Mia Goth kissing a scarecrow in Pearl

Pearl works as much more than just an extension of X; it’s also a standout horror film in its own right with its own style and story structure that doesn’t rely on X to be enjoyable. Without knowing the endgame of X, audiences can still watch Pearl as a sinister character study of a farmhand with overbearing parents and a husband at war who snaps and becomes a cold-blooded murderer. Cinematographer Eliot Rockett captured some unforgettable shots for Pearl, from an ominous oner tracking a fleeing sister-in-law from the porch out onto the road as Pearl calmly picks up an axe and follows her to the sustained final close-up of Pearl smiling at her husband Howard when he returns from the frontlines to find an even more shocking sight at the dinner table than anything he saw in any warzone.

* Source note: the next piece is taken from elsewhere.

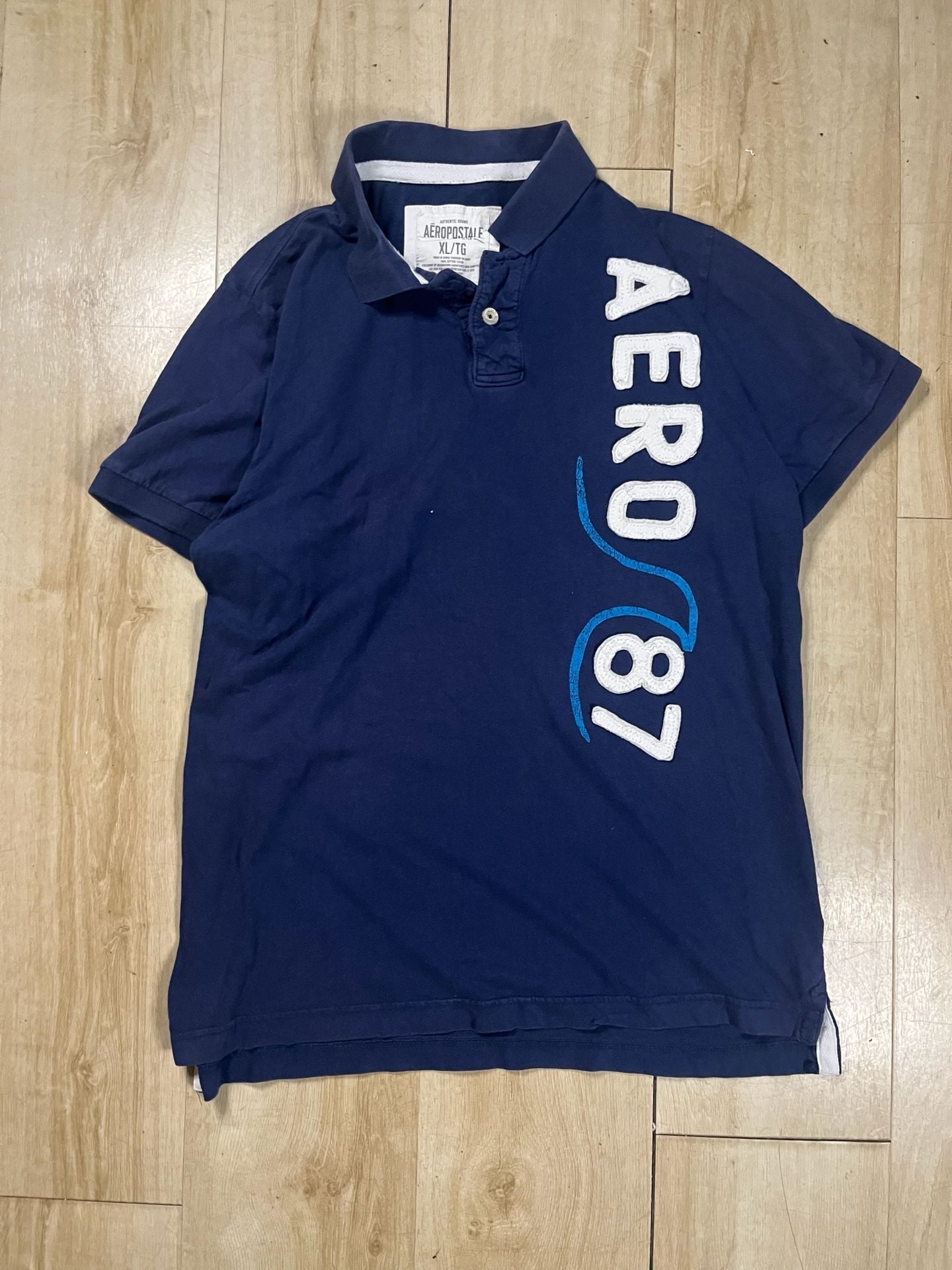 Aeropostale Aero 87 Jersey Polo Size L Blue 2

The entries of most franchises, from Star Wars to the Marvel Cinematic Universe to fellow horror series like Halloween, are all cut from the same tonal cloth. But Pearl isn’t just X 2.0; it has a cinematic language of its own, evoking the Golden Age of Hollywood with bright colors, catchy melodies, and a romanticized view of stardom. X has been described as Boogie Nights meets The Texas Chain Saw Massacre. It’s a gruesome ‘70s-set, ‘70s-style slasher about a sexually frustrated elderly couple killing off the cast and crew of a porno being shot on their property. Pearl doesn’t just rehash X’s unique sensibility. The prequel develops a sensibility of its own that’s just as horrifying, if not more so. West gave Pearl an old-fashioned filmmaking style with classical opening title design, dynamic scene transitions, and a whimsical musical score juxtaposed against the horrors on-screen.

Mia Goth smiling at the end of Pearl

Like all great prequels, Pearl enriches the original work. Just as Breaking Bad is even more compelling with the context provided in Better Call Saul, X is even more compelling with the context provided in Pearl. Fans can go back and rewatch X with a deeper understanding of Pearl’s psychology, and audiences who haven’t seen X can watch Pearl first and sympathize with the titular killer by seeing where her murderous motivations came from before witnessing her darkest massacre in her twilight years in X.